For the last one year, regional and world leaders have been pleading with President Pierre Nkurunziza to put the interests of Burundi before his own and not to destroy his country. They started by asking him not to stand for another election.

Monday, April 04, 2016

For the last one year, regional and world leaders have been pleading with President Pierre Nkurunziza to put the interests of Burundi before his own and not to destroy his country. They started by asking him not to stand for another election.

He ignored their pleas and got himself re-elected.

Burundians contested his right to rule again. He came down hard on them, arrested and imprisoned many, killed and continues to kill others. Many fled the country, afraid for their lives.

World leaders continue to plead with him and still he ignores them. When they threaten him with sanctions or force, he simply dares them to do it.
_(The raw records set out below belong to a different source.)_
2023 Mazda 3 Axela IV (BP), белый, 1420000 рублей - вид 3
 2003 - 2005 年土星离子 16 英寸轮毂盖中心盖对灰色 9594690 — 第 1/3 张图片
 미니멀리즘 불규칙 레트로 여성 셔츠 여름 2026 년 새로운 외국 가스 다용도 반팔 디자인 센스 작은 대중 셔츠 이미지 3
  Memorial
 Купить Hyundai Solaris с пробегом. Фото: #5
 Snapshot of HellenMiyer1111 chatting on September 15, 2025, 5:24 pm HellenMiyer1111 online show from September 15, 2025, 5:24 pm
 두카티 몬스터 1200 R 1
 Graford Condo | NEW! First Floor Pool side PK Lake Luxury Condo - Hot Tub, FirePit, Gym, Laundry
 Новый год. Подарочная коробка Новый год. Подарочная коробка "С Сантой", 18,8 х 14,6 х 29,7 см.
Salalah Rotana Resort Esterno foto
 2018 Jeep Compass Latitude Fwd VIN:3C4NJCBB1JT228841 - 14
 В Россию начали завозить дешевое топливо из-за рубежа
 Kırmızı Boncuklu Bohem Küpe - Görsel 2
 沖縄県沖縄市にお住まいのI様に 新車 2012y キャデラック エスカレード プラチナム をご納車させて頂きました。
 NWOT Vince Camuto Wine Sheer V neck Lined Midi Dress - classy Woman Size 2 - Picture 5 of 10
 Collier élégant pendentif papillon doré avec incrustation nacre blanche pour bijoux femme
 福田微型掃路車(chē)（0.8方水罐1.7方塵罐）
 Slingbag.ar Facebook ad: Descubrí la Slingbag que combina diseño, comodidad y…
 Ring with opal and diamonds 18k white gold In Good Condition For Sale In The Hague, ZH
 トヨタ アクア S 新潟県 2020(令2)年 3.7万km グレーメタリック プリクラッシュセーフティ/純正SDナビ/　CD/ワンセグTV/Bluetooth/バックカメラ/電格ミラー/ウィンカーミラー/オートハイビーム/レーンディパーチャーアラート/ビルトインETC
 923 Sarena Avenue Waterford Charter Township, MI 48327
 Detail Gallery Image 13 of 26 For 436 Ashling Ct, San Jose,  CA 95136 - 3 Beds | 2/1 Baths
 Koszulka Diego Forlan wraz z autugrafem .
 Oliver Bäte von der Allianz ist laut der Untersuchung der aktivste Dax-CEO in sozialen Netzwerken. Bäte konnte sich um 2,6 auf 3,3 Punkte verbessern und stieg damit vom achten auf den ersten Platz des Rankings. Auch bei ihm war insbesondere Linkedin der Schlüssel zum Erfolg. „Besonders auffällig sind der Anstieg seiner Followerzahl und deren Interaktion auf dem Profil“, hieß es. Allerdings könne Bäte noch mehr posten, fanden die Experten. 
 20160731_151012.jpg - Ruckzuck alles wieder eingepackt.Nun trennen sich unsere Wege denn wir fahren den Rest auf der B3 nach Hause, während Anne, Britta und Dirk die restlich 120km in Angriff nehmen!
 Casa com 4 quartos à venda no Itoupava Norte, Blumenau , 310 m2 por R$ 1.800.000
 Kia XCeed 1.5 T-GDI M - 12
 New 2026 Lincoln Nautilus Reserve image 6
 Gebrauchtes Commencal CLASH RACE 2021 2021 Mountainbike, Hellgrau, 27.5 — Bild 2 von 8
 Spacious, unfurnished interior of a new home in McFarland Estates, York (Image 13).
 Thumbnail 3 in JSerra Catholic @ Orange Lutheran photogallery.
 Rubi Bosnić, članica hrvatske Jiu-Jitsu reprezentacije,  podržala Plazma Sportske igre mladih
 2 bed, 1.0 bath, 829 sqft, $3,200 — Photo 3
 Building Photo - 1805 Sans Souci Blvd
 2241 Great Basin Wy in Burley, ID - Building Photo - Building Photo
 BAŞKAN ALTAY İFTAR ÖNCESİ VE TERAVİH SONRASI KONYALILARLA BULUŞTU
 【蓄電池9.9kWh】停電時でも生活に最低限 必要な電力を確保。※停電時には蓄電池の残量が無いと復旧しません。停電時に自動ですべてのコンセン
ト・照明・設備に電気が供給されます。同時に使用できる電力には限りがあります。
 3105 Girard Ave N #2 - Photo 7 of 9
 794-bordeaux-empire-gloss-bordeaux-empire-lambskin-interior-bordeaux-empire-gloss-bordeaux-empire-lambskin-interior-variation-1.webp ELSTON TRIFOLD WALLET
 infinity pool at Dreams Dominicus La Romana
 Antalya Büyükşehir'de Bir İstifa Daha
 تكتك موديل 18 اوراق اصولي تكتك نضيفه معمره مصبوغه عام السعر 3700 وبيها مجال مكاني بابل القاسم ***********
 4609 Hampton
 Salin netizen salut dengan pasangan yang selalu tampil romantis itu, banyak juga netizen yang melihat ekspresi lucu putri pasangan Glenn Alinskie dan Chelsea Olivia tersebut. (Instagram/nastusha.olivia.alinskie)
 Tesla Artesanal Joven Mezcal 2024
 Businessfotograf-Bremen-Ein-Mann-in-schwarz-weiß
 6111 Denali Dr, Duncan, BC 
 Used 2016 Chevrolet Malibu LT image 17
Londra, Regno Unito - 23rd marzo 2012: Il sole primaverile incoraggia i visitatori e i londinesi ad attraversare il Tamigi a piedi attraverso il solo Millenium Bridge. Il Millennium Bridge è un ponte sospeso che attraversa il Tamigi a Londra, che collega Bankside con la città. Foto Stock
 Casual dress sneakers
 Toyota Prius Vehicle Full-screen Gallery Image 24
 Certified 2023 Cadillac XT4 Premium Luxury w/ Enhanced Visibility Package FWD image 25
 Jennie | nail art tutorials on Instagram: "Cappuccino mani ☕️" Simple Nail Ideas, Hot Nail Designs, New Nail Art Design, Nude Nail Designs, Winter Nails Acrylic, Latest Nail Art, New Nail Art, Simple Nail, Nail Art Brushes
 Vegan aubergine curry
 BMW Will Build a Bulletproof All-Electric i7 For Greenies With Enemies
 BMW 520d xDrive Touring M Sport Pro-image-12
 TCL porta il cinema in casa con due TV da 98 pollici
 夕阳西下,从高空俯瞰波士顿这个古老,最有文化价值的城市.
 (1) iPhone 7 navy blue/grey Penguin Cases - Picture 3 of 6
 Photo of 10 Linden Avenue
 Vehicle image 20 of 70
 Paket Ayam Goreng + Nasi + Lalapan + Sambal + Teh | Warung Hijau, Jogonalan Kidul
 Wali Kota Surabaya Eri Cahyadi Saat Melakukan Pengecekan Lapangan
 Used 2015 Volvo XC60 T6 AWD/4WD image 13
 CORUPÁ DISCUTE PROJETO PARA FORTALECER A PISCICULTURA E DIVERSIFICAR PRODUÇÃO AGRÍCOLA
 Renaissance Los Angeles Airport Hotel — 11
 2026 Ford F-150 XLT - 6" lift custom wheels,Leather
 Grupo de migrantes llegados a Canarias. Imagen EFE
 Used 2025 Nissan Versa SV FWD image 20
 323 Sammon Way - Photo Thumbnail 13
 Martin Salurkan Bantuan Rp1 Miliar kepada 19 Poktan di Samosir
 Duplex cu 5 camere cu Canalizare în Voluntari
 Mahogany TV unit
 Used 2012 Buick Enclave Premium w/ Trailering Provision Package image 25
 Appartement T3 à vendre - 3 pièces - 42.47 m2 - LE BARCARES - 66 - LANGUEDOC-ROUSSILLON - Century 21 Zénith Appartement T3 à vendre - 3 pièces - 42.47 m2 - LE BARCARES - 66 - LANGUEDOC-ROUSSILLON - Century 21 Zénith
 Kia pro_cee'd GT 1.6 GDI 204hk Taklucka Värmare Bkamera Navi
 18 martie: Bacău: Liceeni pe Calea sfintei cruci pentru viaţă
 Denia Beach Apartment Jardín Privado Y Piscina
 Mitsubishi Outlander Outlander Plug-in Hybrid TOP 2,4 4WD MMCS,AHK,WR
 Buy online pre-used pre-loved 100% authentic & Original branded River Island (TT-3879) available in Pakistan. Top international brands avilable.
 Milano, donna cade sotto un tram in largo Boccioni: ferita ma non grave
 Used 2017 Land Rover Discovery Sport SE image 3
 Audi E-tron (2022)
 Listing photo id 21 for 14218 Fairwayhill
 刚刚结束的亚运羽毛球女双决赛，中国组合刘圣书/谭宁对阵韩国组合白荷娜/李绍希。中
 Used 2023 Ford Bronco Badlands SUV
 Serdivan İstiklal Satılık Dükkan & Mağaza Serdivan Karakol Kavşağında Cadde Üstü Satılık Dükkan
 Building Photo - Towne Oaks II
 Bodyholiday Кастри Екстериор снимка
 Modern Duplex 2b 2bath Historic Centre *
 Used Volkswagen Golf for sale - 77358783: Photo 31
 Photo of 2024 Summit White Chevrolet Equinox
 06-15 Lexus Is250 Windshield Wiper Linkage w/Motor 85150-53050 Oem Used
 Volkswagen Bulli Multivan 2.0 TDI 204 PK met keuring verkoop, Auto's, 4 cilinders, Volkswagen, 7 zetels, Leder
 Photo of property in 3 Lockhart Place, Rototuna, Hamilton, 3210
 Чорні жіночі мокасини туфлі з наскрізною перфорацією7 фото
Most of those dealing with Burundi have assumed one thing: that its leadership has the decency to do the right thing, including protecting those it purports to lead.

They have assumed that Burundian authorities have the courage to admit failure and the humility to accept well-intentioned advice.

As it happens, they have been wrong. Burundian authorities are deaf to all pleas and impervious to reason. The notion of common decency might very well be from an alien race from outer space.

How else can one explain the government’s refusal to release the body of Jacques Bihozagara who died in their prison to his family for burial unless they agree to certain conditions?

The condition is that the family must first sign papers confirming that he died of natural causes and was not killed by the government.

There is a lot wrong with this unnatural demand on the grieving family.

They are asking the family to certify the cause of death when they have no way of knowing what he died of. Yet the man died in their custody, so they should know the cause of death. What they are doing, in effect, is holding a dead man hostage.

The Burundi government is trying to absolve itself of guilt in Bihozagara’s death. But in doing so, they actually confirm that there must have been foul play that they are aware of, if in fact they are not responsible for it.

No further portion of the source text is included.